1
votes

Help!

I am running my MPI code and return a runtime-error of "ONE OF THE PROCESS TERMINATED BADLY: CLEANING UP...process manager error waiting for completion", I want to figure out the number of the error process and how?

What's more, it can be ok when using 4X4(4 machine using 4 process each), but if I using 4X6 or more(4X8), there is a error.

My reduce code is below:

#include <stdio.h>
int main(void)
{
   int num,rank;
   scanf("%d %d",&num, &rank);
   int depth = 1;
   int flag = 0;
   while(num > 1) {
      if(rank < num){
          flag = num % 2;
          if(rank % 2 != 0){
              //MPI_Send(to (rank-1)*depth);
              printf("Send to %d\n", (rank - 1) * depth);
              rank *= num;
              break;
          }
          else{
              if(!(flag && (rank == (num - 1)))) {
                  //MPI_Recv(from (rank+1)*depth);
                  printf("Recv from %d\n", (rank+1)*depth);
              }
              rank /= 2;
          }
          depth *= 2;
      }
      num = num / 2 + flag;
  }
  return 0;
}

Thank you!

1
Can you post a reduced code sample? - chrisaycock
You can use a debugger for this.check this out:stackoverflow.com/questions/329259/… - chemeng
The 'reduced code sample' is, alas, not an MPI program.

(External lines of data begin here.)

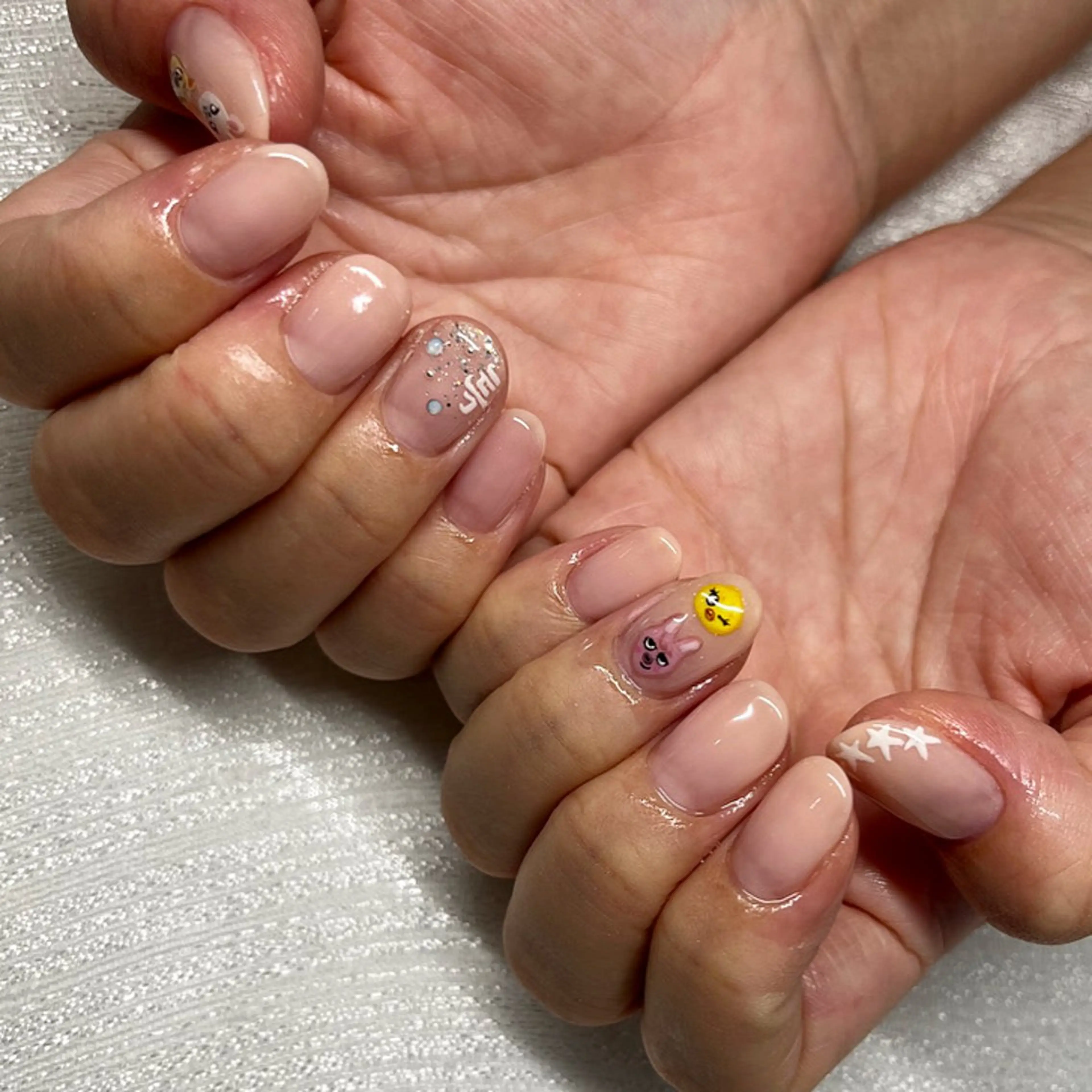 ネイル soary nailのネイルデザイン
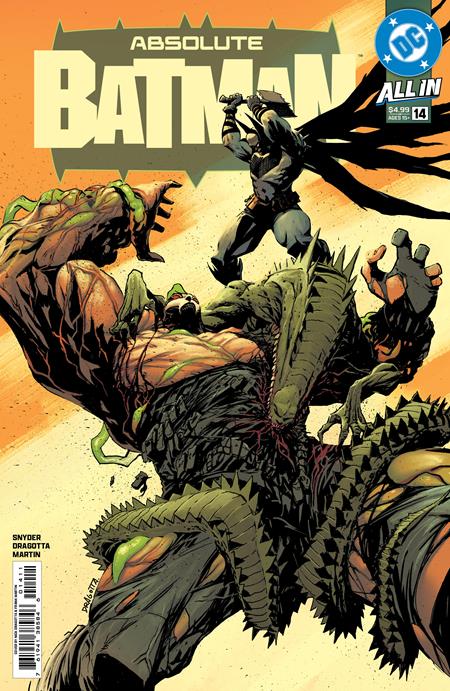 ABSOLUTE BATMAN #14 CVR A NICK DRAGOTTA 11/26/2025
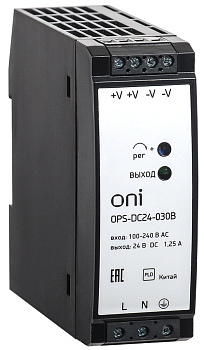 IEK ONI Блок питания OPS 220В AC/24В DC 30Вт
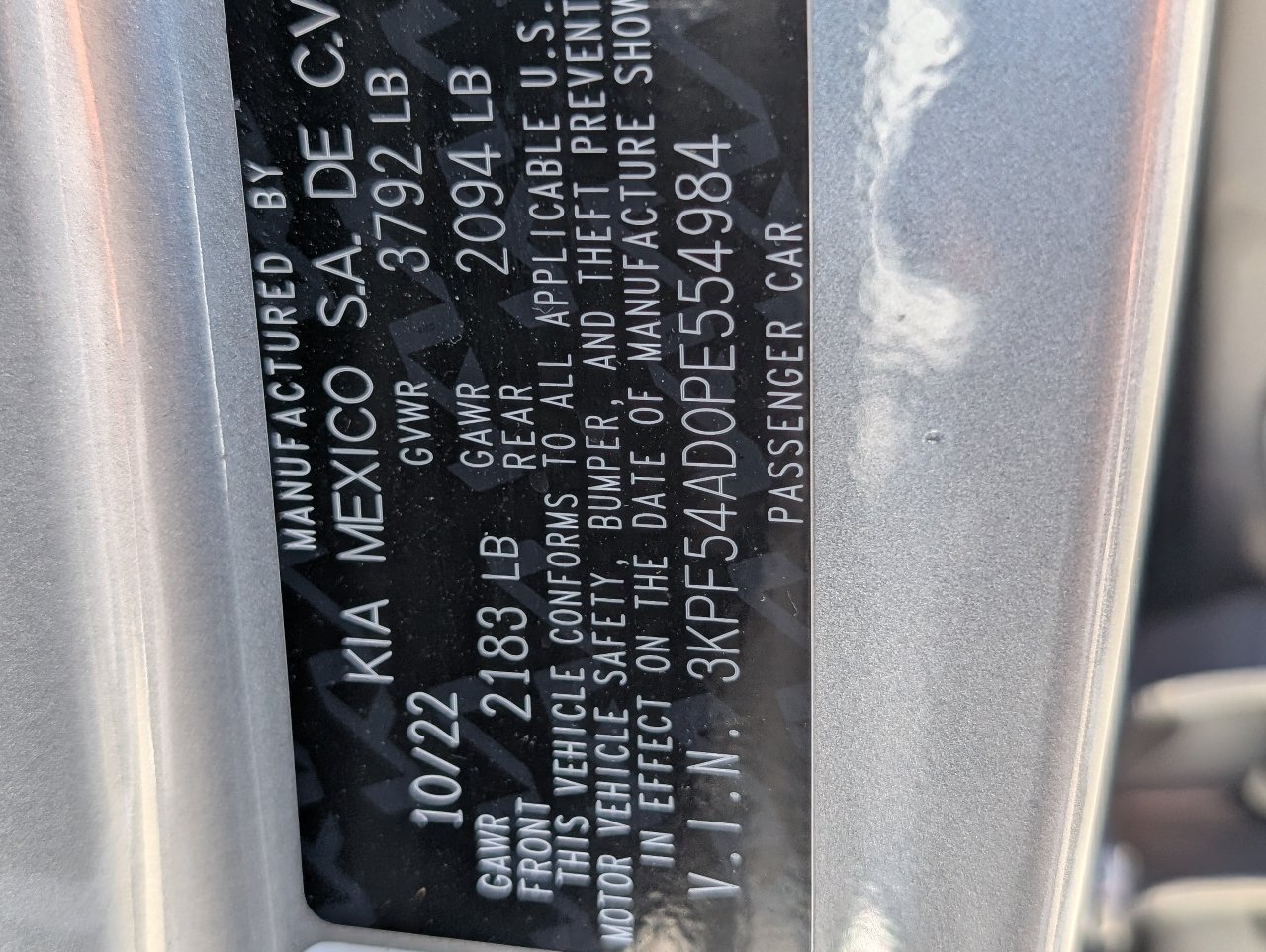 Used 2023 Kia Forte GT-Line w/ GT-Line Technology Package FWD image 22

Can you post a reduced code sample which exhibits the aberrant behaviour you are trying to eliminate ? - High Performance Mark

1 Answers

0
votes

If the problem is related to some MPI error, e.g. you try to send messages to ranks that does not exist, you should create your own MPI error handler using MPI_Comm_create_errhandler. Here you can print the number of the rank which produces the error. Nevertheless, you must run your code in a debugger to get behind the problem.